In actual fact, according to Dr. Nirit Shalev Khalifa, the co-curator of the exhibition ‘A General and a Gentleman – Allenby at the Gates of Jerusalem,’ Allenby was never given the key to the city although reports to the contrary are part of urban legend. Another urban legend relates to the Turkish surrender by Mayor Hussein al Husseini to a couple of British cooks who had gone out to look for eggs.
The British War Cabinet wanted the common man to be a part of the story of British conquest over the Turks. General Sir John Stuart Mackenzie Shea, whose great-grandson John Benson also came from England for the occasion as did the Viscount’s mother Sara, Lady Allenby, gave instructions to Lars Larsson, the photographer from the American Colony, to destroy certain photos because they would not conform with the story.
When the American Colony curator later went to Sweden to explore Larsson’s archives she discovered that the surrender had actually been made to army officers with the rank of major, but that didn’t gel with the British narrative.
Taking journalists around the exhibition before the ceremony Khalifa said: “You can win a war, but it means nothing if you lose the historical memory.”
She acknowledged that the historical memory and its narrative can mean different things to different people.
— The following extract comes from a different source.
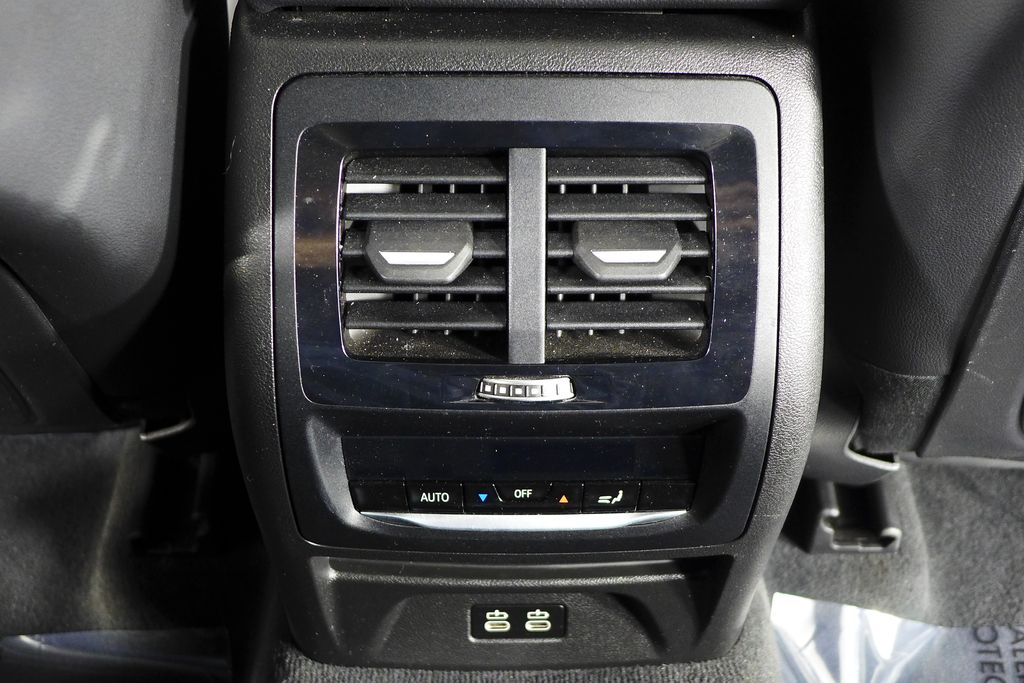 Thumbnail: 2022 BMW X4 - 24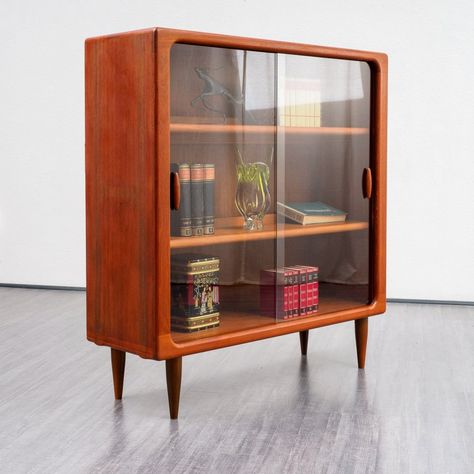 Mcm Furniture, Deco Retro, Glass Display, Funky Furniture, Retro Furniture, Glass Cabinet, Retro Home Decor, Furniture Inspiration, Mid Century Modern Furniture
The aftermath of a war can, for instance, be perceived as conquest, occupation or liberation, she said.
What made her particularly excited about this exhibition was that for the first time, the venue itself was part of the artifacts in that the historic proclamation had taken place on the steps of the Tower of David.
Eilat Lieber, director and chief curator of the Tower of David Museum said that sometimes it is very frustrating for curators and scholars to find information about the past, “but when we talk about a hundred years in Jerusalem, it’s like yesterday.”
Although Lady Allenby had visited Israel many times with her late husband, this was an initial adventure both for her son and for John Benson who each confessed to being excited and overwhelmed by the warmth of the hospitality they had received.
Though neither makes a big deal of being related to people who turned the tide of history, they are proud to be members of their respective families.